Je ne connais pas le concept, mais dans ces TGV _IDbidule_ a-t-on le choix d'être dans un wagon ou un compartiment _IDriendutout_ ou _IDpasdID_?

Mais globalement on a le choix de ne pas prendre ces trains c'est sûr, ou de rester chez soi, mais il fut un temps où il était naturel de ranger les gens selon certaines catégories, celles dont parle Bassman. Evidemment, là c'est gentillet, mais le parallèle est fait, et peu s'offusquent de cette tendance.

Idem pour le fichage, qui fait encore dresser les cheveux du plus grand nombre... ceux-là même qui possèdent une fiche avec moult détails concernant leur vie privée sur Facebook.

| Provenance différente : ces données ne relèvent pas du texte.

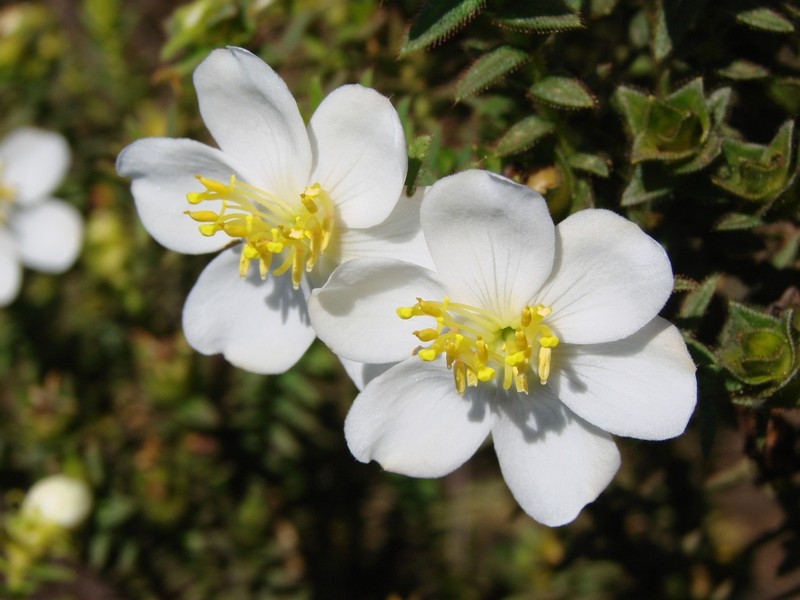 Microlicia glandulifolia photo 6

Mais, ils ont le choix évidemment... Dernier exemple, les applications qui apparaissent petit à petit sur les mobiles, et qui permettent de retrouver ses connaissances grâce au GPS. Effarant au demeurant, pourtant, on y viendra.

Tout ça pour dire que l'on saute pieds joints sur ce que l'on abhorrait, il y a quelques années, ou quelques dizaines d'années, tout simplement parce que c'est bien vendu, bien fichu, et que l'on va quand même pas s'emmerder à se compliquer la vie hein...


----------



## pascalformac (9 Décembre 2008)

WebOliver a dit:


> Je ne connais pas le concept, mais dans ces TGV _IDbidule_ a-t-on le choix d'être dans un wagon ou un compartiment _IDriendutout_ ou _IDpasdID_?

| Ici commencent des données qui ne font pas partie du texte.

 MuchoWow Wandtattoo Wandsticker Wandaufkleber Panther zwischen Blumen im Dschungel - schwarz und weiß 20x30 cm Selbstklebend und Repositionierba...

ce sont des voyages reservés exclusivement par internet ( par le voyageur)

et c'est via l'interface de resa qu'on choisit son """"ambiance"""
( c'est leur mot)
http://www.idtgv.com/2i.html


----------



## Bassman (9 Décembre 2008)

C'est bien ce que je dis, la prochaine étape sera l'ambiance "adulte uniquement, les mômes ça fait rien qu'à brailler", et puis "sans bruits et odeurs", etc...

On renforce l'idée de la classification, qui était déjà très présentes certes, chacun est dans une petite boite et haï ceux de la boite d'en face.

P'tet qu'un jour au rayon ambiance ludique on aura droit à l'ambiance "partouze"


----------



## pascalformac (9 Décembre 2008)

drole d'esprit
la seuneucefeu répond à une demande
( qui n'est pas la tienne )

tu preferes le voyage à la dure?avec banquettes dures , bruits , bouffe, entassement  facon Chine Inde  Amerique latine etc
( c'est terriblement convivial, du moins pour le touriste qui ne le fait q'une fois ou 2 dans sa vie et que ca interesse )

Ah ben  , même là bas y a des catégories de wagons et confort
zut !


----------



## WebOliver (9 Décembre 2008)

pascalformac a dit:


> drole d'esprit
> la seuneucefeu répond à une demande
> ( qui n'est pas la tienne )
> 
> ...



Tu prends l'exemple extrême là. A l'autre bout tu as vers ce quoi on tend: de l'aseptisé à tous les étages. C'est joli et convenu, confortable, ça ne sent rien, ça ne mange pas de pain: mais qu'est-ce que c'est chiant finalement!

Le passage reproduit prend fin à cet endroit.